There was no lack—there never is in such cases—of those who out of concern and love for the happily deluded wife lifted the veil for her, and made her aware of the facts of his Majesty’s association with my Lady Castle-maine—an association dating back to the time when he was still a homeless wanderer. The knowledge would appear to have troubled the poor soul profoundly; but the climax of her distress was reached when, on her coming to Whitehall, she found at the head of the list of ladies-in-waiting assigned to her the name of my Lady Castlemaine. The forlorn little woman’s pride rose up before this outrage. She struck out that offending name, and gave orders that the favourite was not to be admitted to her presence.

But she reckoned without Charles. For all his urbane, good-tempered, debonair ways, there was an ugly cynical streak in his nature, manifested now in the manner in which he dealt with this situation. Himself he led his boldly handsome favourite by the hand into his wife’s presence, before the whole Court assembled, and himself presented her to Catherine, what time that Court, dissolute and profligate as it was, looked on in amazement at so outrageous a slight to the dignity of a queen.

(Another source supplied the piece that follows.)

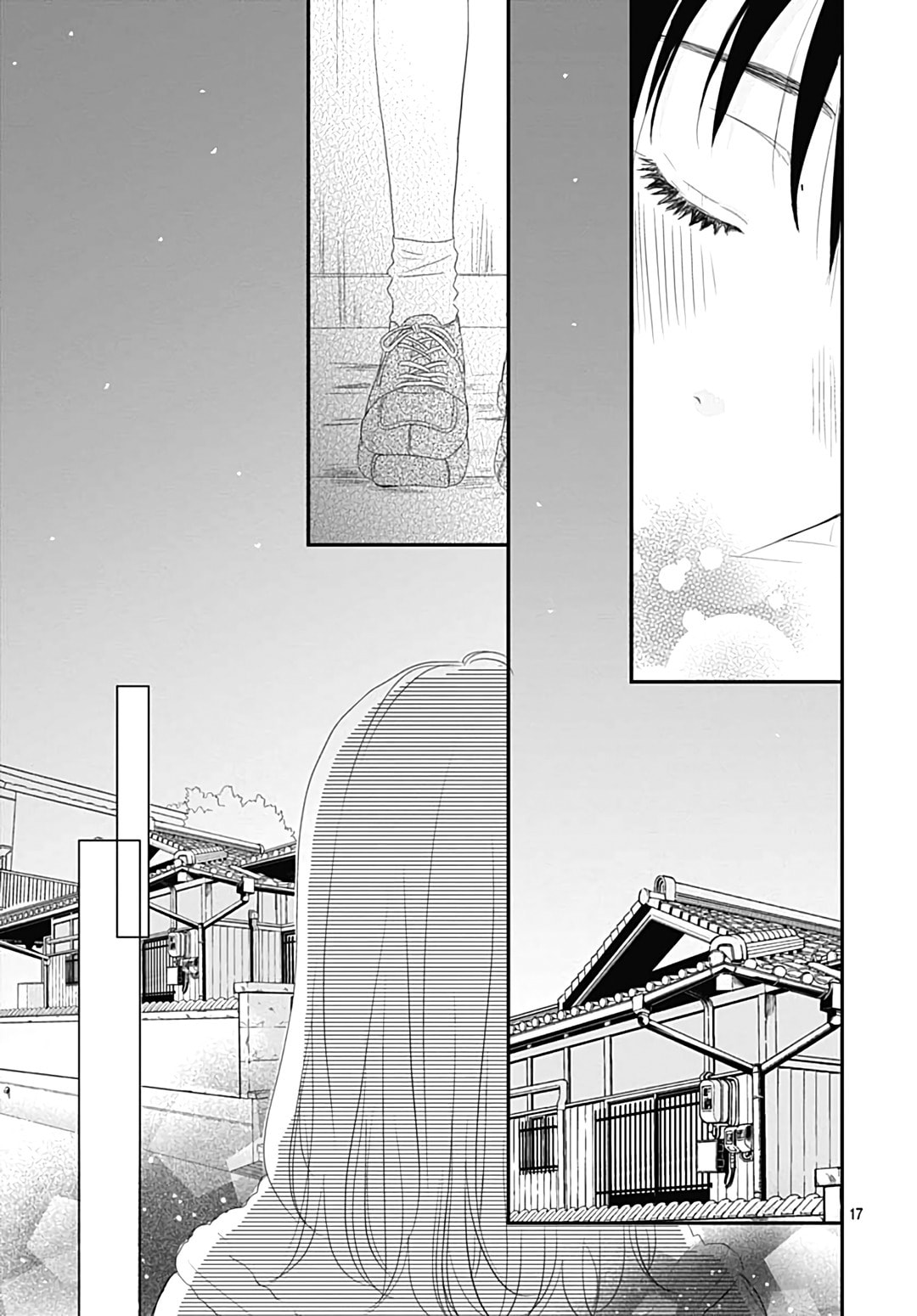 It'd Be Nice If You Were An Angel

What followed may well have exceeded all expectations. Catherine stiffened as if the blow dealt her had been physical. Gradually her face paled until it was grey and drawn; tears of outraged pride and mortification flooded her eyes. And then, as if something snapped within her brain under this stress of bitter emotion, blood gushed from her nostrils, and she sank back in a swoon into the arms of her Portuguese ladies.

Confusion followed, and under cover of it Charles and his light of love withdrew, realizing that if he lingered not all his easy skill in handling delicate situations could avail him to save his royal dignity.

Naturally the experiment was not to be repeated. But since it was his wish that the Countess of Castlemaine should be established as one of the Queen’s ladies—or, rather, since it was her ladyship’s wish, and since Charles was as wax in her ladyship’s hands—it became necessary to have the Queen instructed in what was, in her husband’s view, fitting. For this task he selected Clarendon. But the Chancellor, who had so long and loyally played Mentor to Charles’s Telemachus, sought now to guide him in matters moral as he had hitherto guided him in matters political.

Clarendon declined the office of mediator, and even expostulated with Charles upon the unseemliness of the course upon which his Majesty was bent.

“Surely, sire, it is for her Majesty to say who shall and who shall not be the ladies of her bedchamber. And I nothing marvel at her decision in this instance.”

“Yet I tell you, my lord, that it is a decision that shall be revoked.”

“By whom, sire?” the Chancellor asked him gravely.